__AIM OF THE EXERCISE__:
Within the lines below, the span from the line with "2023 casual shoes" to the line with "Used Baojun 730", both ends included, is to be reproduced exactly, with pictures omitted.
***** EXTRACTED RECORDS
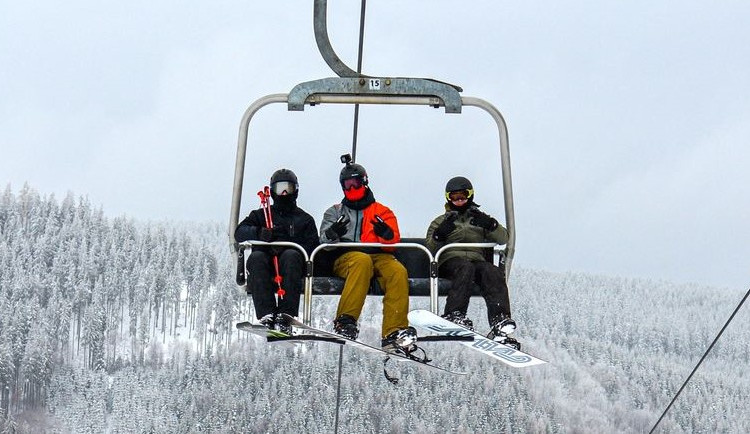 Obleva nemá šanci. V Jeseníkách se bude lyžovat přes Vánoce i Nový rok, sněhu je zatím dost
**********
***** EXTRACTED RECORDS
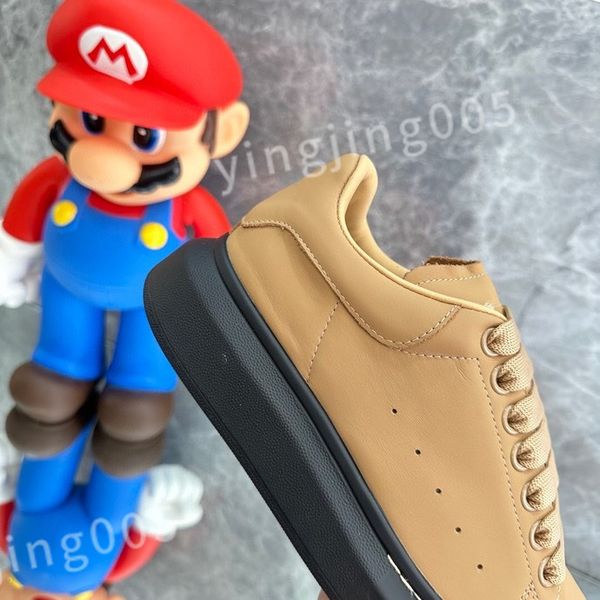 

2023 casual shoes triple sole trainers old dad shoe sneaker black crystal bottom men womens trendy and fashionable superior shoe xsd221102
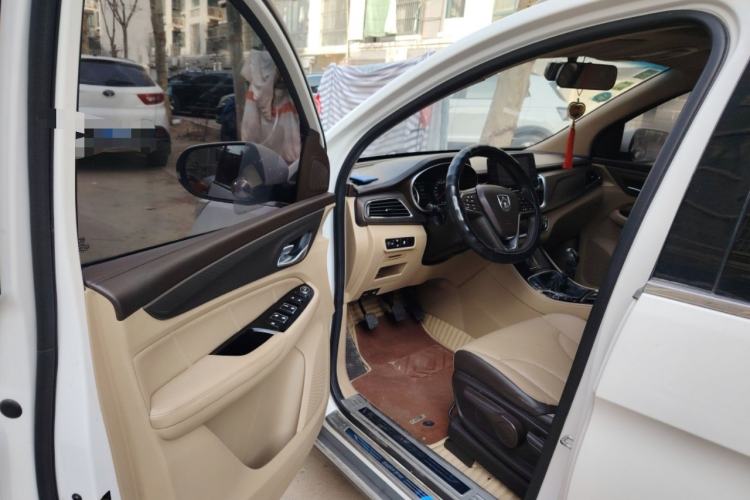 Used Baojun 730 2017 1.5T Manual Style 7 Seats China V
**********
__ANSWER TO THIS PROBLEM__:
2023 casual shoes triple sole trainers old dad shoe sneaker black crystal bottom men womens trendy and fashionable superior shoe xsd221102
 Used Baojun 730 2017 1.5T Manual Style 7 Seats China V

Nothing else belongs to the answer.